◆ BRIEF ◆
Print the whole listing again exactly, keeping no pictures in it.

◆ SOURCE RECORDS ◆
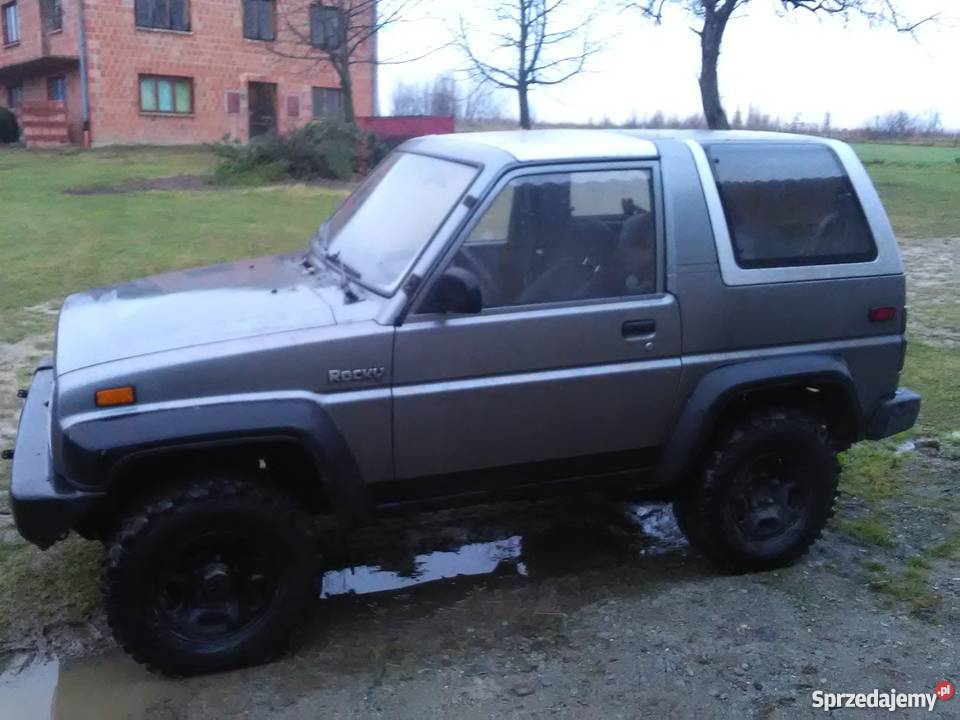 Sprzedam Daihatsu Rocky 4 x4 Wysoka Głogowska sprzedam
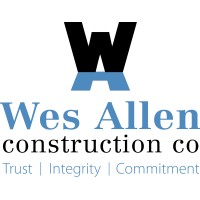 Wes Allen Construction Co. logo, Wes Allen Construction Co. contact details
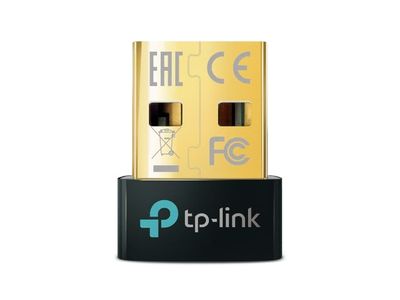 TP-Link UB500, Trådløs, USB Type-A, Bluetooth, Sort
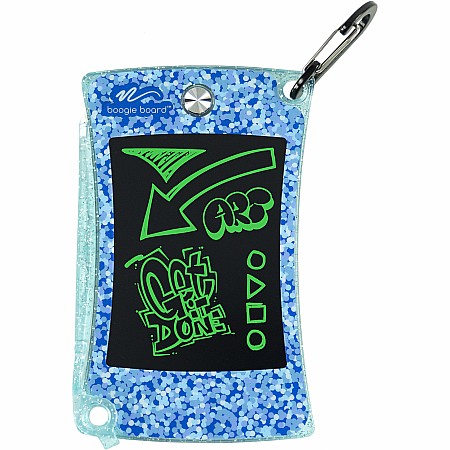 JOT Pocket Writing Tablet - Shimmer Blue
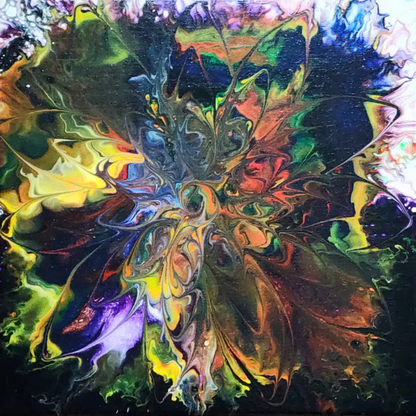 When Light Blooms in Darkness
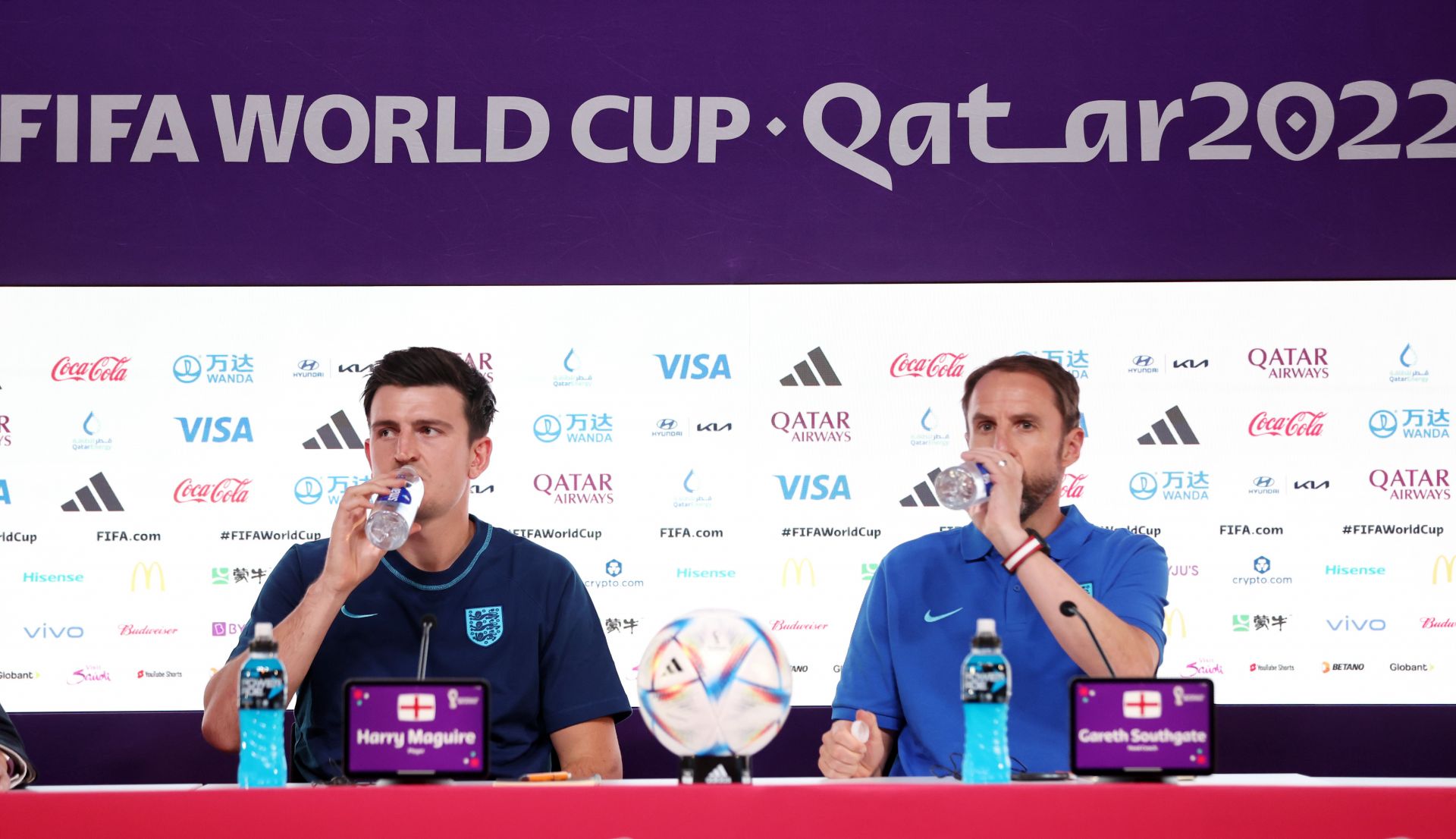 England Press Conference and Training Session - FIFA World Cup Qatar 2022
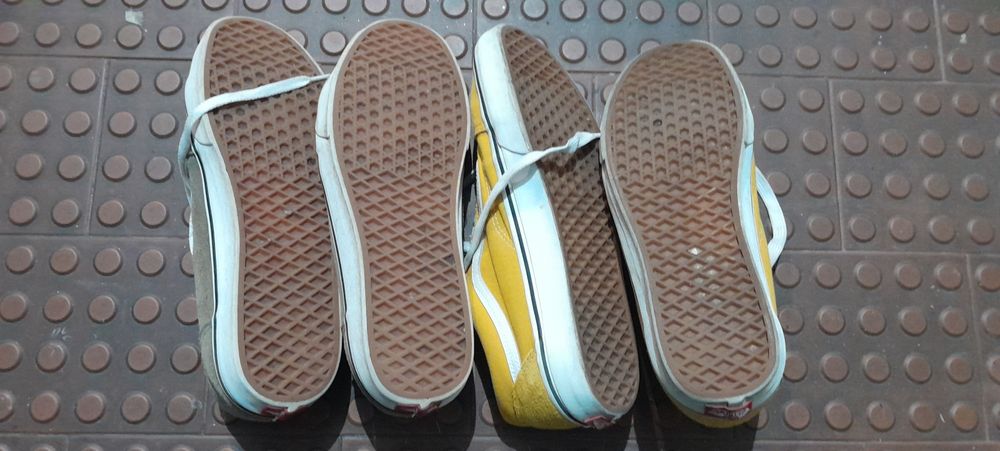 Sapatilhas da Vans nr 46 optino estado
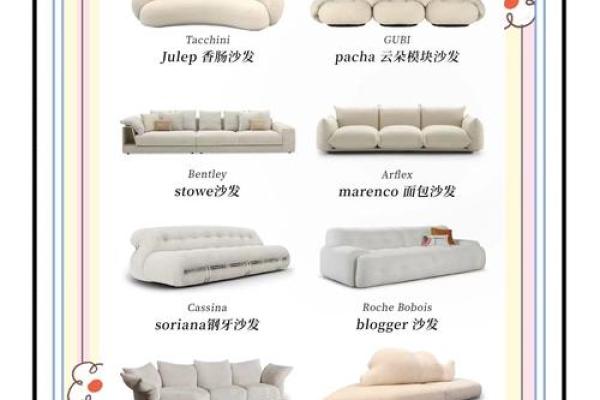 十二个星座最适合哪款沙发颜色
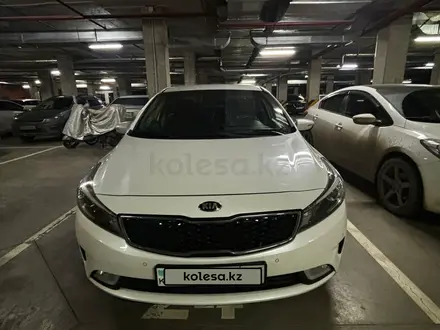 Kia Cerato 2018 года за 7 100 000 тг. в Астана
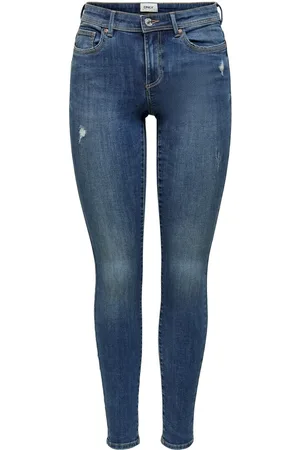 ONLY Damesjeans Wauw life skinny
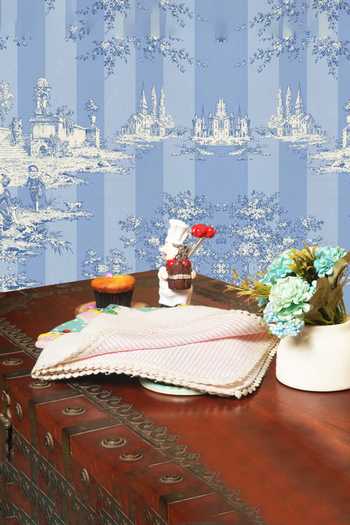 Buy DE Chevalerie EN Rouge Off White Organic Cotton Digital Printed Tea Dessert Table Napkins Buy_DE Chevalerie EN Rouge_Off White Organic Cotton Digital Printed Tea Dessert Table Napkins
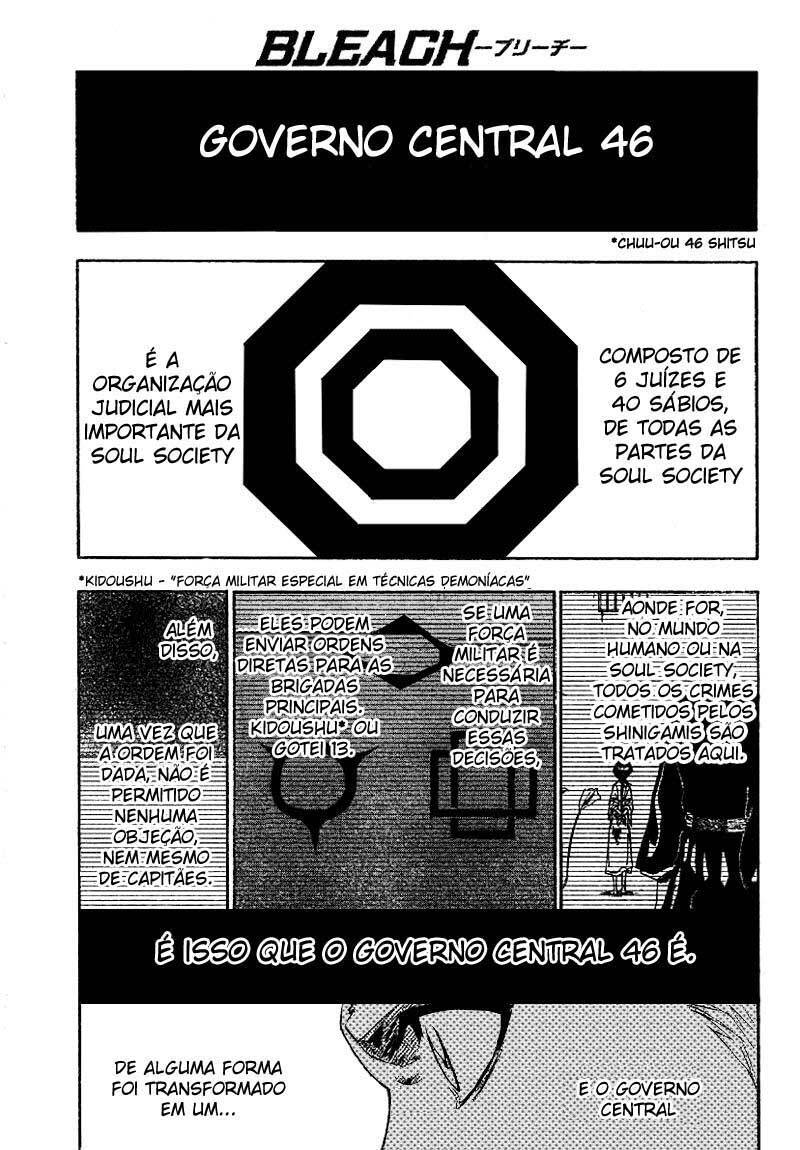 Bleach 168 página 1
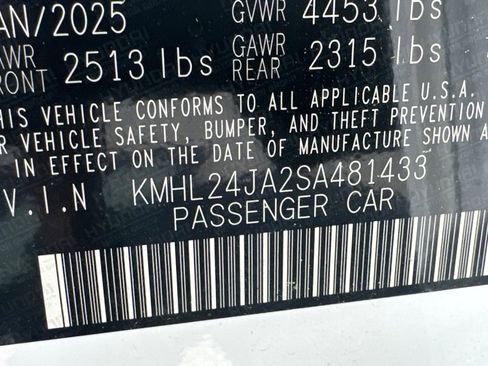 New 2025 Hyundai Sonata SE image 30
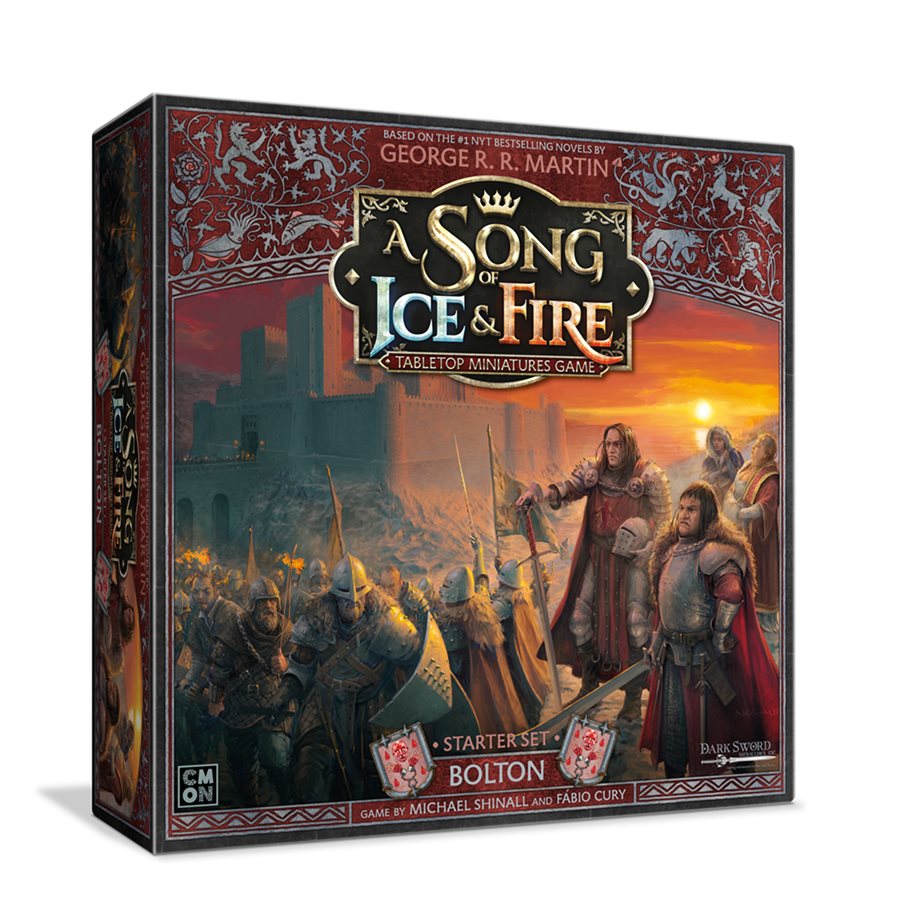 A Song of Ice and Fire - Tabletop Miniatures Game - House Bolton Start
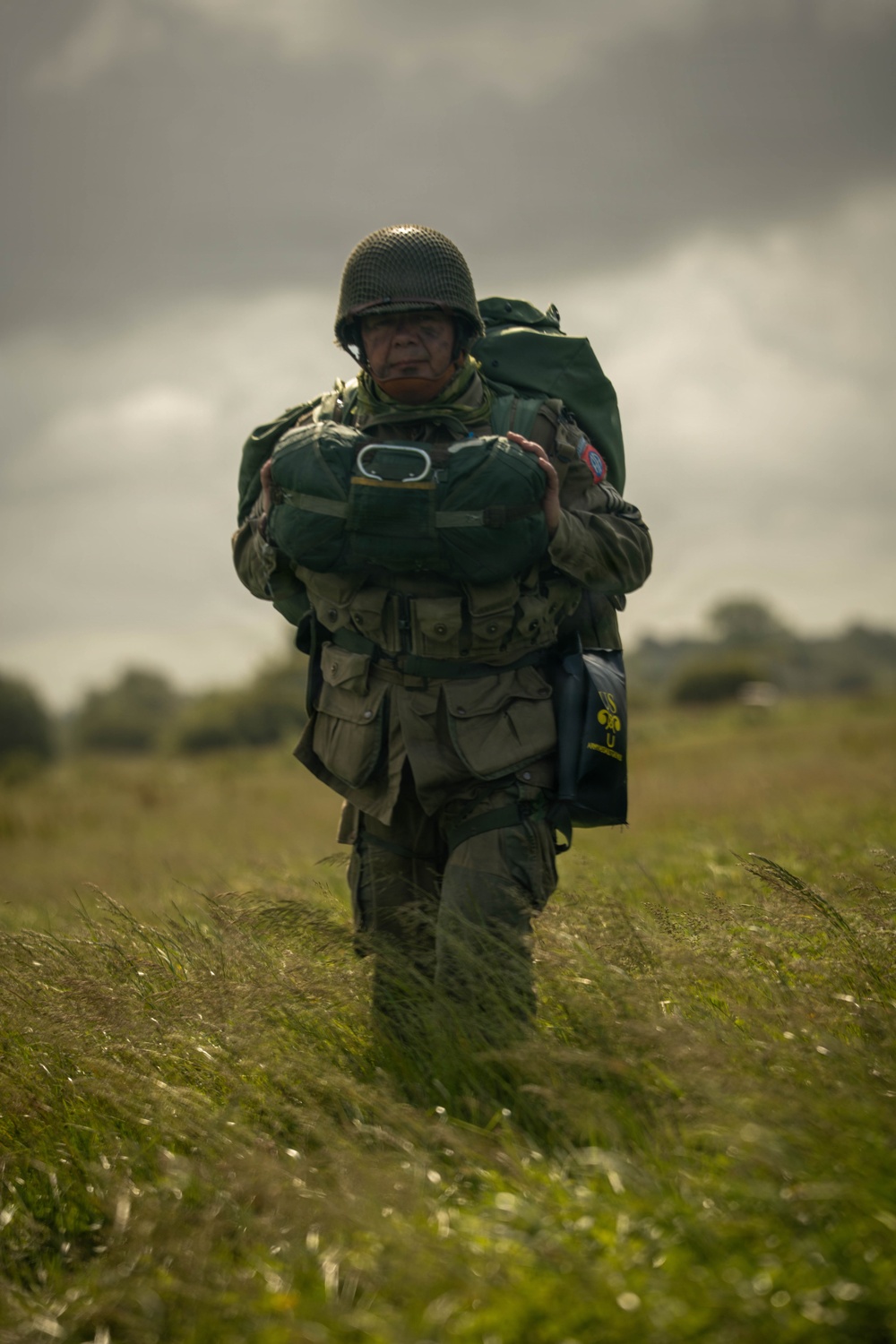D-Day 82nd anniversary - Airborne Jump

◆ SOLVED PROBLEM ◆
 Sprzedam Daihatsu Rocky 4 x4 Wysoka Głogowska sprzedam
 Wes Allen Construction Co. logo, Wes Allen Construction Co. contact details
 TP-Link UB500, Trådløs, USB Type-A, Bluetooth, Sort
 JOT Pocket Writing Tablet - Shimmer Blue
 When Light Blooms in Darkness
 England Press Conference and Training Session - FIFA World Cup Qatar 2022
 Sapatilhas da Vans nr 46 optino estado
 十二个星座最适合哪款沙发颜色
 Kia Cerato 2018 года за 7 100 000 тг. в Астана
 ONLY Damesjeans Wauw life skinny
 Buy DE Chevalerie EN Rouge Off White Organic Cotton Digital Printed Tea Dessert Table Napkins Buy_DE Chevalerie EN Rouge_Off White Organic Cotton Digital Printed Tea Dessert Table Napkins
 Bleach 168 página 1
 New 2025 Hyundai Sonata SE image 30
 A Song of Ice and Fire - Tabletop Miniatures Game - House Bolton Start
D-Day 82nd anniversary - Airborne Jump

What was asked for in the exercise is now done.